Newsgroups: comp.ai.neural-nets
Path: cantaloupe.srv.cs.cmu.edu!rochester!udel!news.mathworks.com!zombie.ncsc.mil!news.duke.edu!news-feed-1.peachnet.edu!gatech!howland.reston.ans.net!news.sprintlink.net!redstone.interpath.net!sas!mozart.unx.sas.com!saswss
From: saswss@hotellng.unx.sas.com (Warren Sarle)
Subject: Re: Pseudoinverse instead of backpropagation  -  www.txt [1/1]
Originator: saswss@hotellng.unx.sas.com
Sender: news@unx.sas.com (Noter of Newsworthy Events)
Message-ID: <D5urC4.4KL@unx.sas.com>
Date: Wed, 22 Mar 1995 17:31:16 GMT
X-Nntp-Posting-Host: hotellng.unx.sas.com
References:  <3kktvu$1b8r@campus.mty.itesm.mx>
Organization: SAS Institute Inc.
Lines: 63


In article <3kktvu$1b8r@campus.mty.itesm.mx>, rgmorales@iievms1.iiecuer.unam.mx (Rafael Morales Gamboa) writes:
|> We already are interested on using pseudo-inverses instead of the
|> gradient descendant backprop.
|>
|> We have a edition of the book: "Numercial Recipes", by William H.
|> Press, Cambridge Univ. Press, 1988, with matrix operation source
|> code, but this particular topic (pseudo inverses) is not adressed.
|>
|> We would like to know if some of you have information relative to:
|> 1)   Experiences using pseudo-inverses instead of traditional
|>      gradient descendant backpropagation in forecast problems.
|> 2)   Were we can found source code for pseudo inverses calculation?
|>
|> Thanks,
|> MANUEL MEJIA LAVALLE
|> e-mail: mmlavalle@iievms1.iiecuer.unam.mx

What you need to look for are algorithms for solving linear least-squares
problems. Most elementary textbooks on numerical analysis and linear
algebra discuss this topic. The classic work is Lawson and Hanson (1974),
_Solving Least Squares Problems_.

Note that a pseudo-inverse gives you a direct solution only to linear
models, i.e. networks in which the output is a linear function of the
weights. This includes ordinary linear regression, various types of
functional-link and higher-order nets, RBF nets for which the centers
and bandwidths are fixed, etc.

Let the training data be represented by the cases-by-inputs matrix X
and the cases-by-targets matrix Y. Assume X contains a column of 1s for the
bias term.
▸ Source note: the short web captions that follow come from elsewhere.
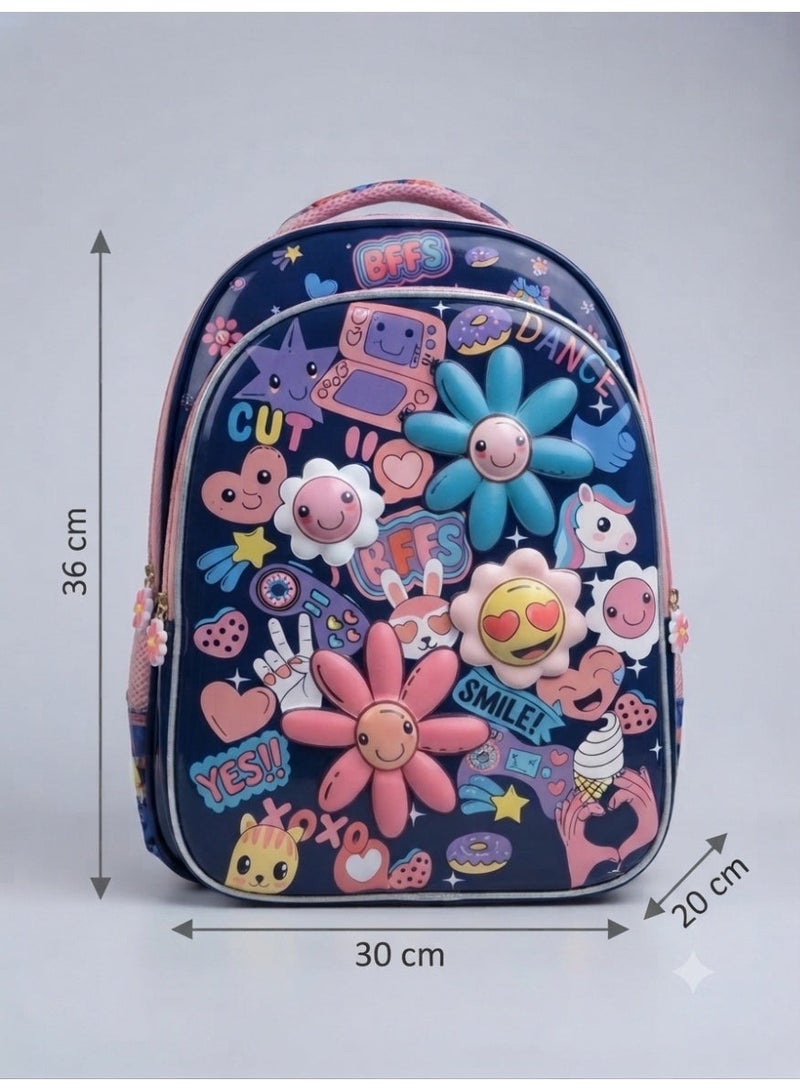 girls school backpack bag with 3D floral print,36x30x20 cm - Image 4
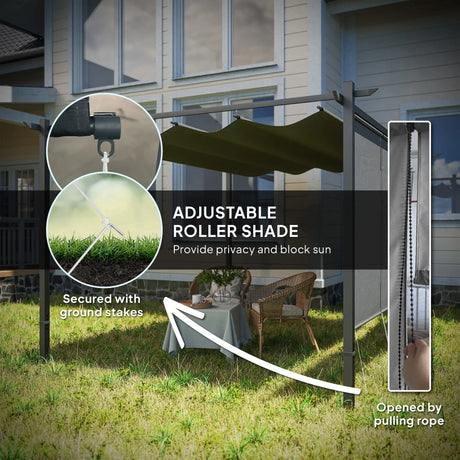 3m x 4m Metal Pergola – Sliding Canopy Roof with Roller Blind UPF30+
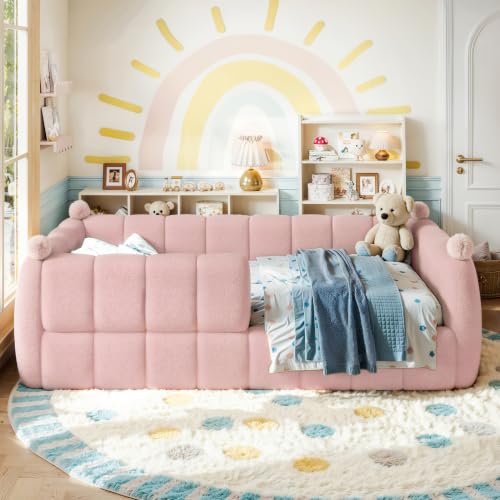 Twin Size Upholstered Montessori Floor Bed with Safety Rails, Pink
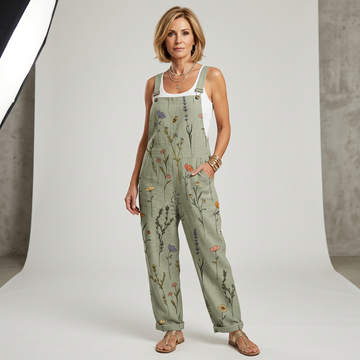 Casual Woven Jumpsuit with Straps and Patch Pockets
Let B be the weight matrix. Then the outputs are XB and the
                                                      -1
errors are Y-XB. The least-squares solution is B=(X'X)  X'Y  (where '
                                                         -1
represents the matrix transpose) if X is full rank. (X'X)  X' is
called the pseudo-inverse or, more often, the generalized inverse of
X. If X is well conditioned, you can compute B by any of numerous
obvious algorithms. If X is ill-conditioned, you need to use any of
various numerically stable algorithms such as those descibed by Lawson
and Hanson. If X is singular, you have a choice of numerous varieties of
generalized inverses. The simplest generalized inverse just involves
dropping some subset of columns of X so that the remaining columns are
full rank. The Moore-Penrose generalized inverse has the most elegant
properties of all the generalized inverses and yields the minimum-norm
solution for B (although it is possible to get that solution without
using the Moore-Penrose inverse). The conceptually simplest way to
compute the Moore-Penrose inverse of X is to obtain the singular value
decomposition X=USV, where U and V are orthogonal and S is diagonal.
Define a diagonal matrix T with elements t_ii such that:

   t_ii = 0 if s_ii is within numerical error of zero,
   t_ii = 1/s_ii otherwise.

Then the Moore-Penrose inverse of X is UTV. See Lawson and Hanson or
Masters, T. (1993), _Practical Neural Network Recipes in C++_,
Academic Press.

-- 

Warren S. Sarle       SAS Institute Inc.   The opinions expressed here
saswss@unx.sas.com    SAS Campus Drive     are mine and not necessarily
(919) 677-8000        Cary, NC 27513, USA  those of SAS Institute.